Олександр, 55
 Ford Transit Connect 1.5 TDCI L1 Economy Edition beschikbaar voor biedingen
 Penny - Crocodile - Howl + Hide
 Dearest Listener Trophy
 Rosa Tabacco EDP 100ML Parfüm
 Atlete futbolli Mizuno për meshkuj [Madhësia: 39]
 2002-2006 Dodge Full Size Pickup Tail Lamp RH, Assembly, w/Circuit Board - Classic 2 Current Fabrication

────────────────────────────────────────

**What this task involves:** Going from the line that contains "Ford Transit Connect" to the last line of the records, reproduce every line as written.

**Your response:**
 Ford Transit Connect 1.5 TDCI L1 Economy Edition beschikbaar voor biedingen
 Penny - Crocodile - Howl + Hide
 Dearest Listener Trophy
 Rosa Tabacco EDP 100ML Parfüm
 Atlete futbolli Mizuno për meshkuj [Madhësia: 39]
 2002-2006 Dodge Full Size Pickup Tail Lamp RH, Assembly, w/Circuit Board - Classic 2 Current Fabrication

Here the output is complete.